*Your goal*. Among the lines of the records below, copy those that hold the word "size".

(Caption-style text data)
*** Block opens ***

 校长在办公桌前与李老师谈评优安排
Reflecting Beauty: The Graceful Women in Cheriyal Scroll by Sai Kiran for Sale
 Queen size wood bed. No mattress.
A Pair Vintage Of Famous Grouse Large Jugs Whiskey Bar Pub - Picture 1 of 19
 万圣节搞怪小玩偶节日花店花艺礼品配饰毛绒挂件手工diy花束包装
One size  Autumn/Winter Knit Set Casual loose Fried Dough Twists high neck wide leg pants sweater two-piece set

*** Block closes ***

*Exercise result*.
 Queen size wood bed. No mattress.
One size  Autumn/Winter Knit Set Casual loose Fried Dough Twists high neck wide leg pants sweater two-piece set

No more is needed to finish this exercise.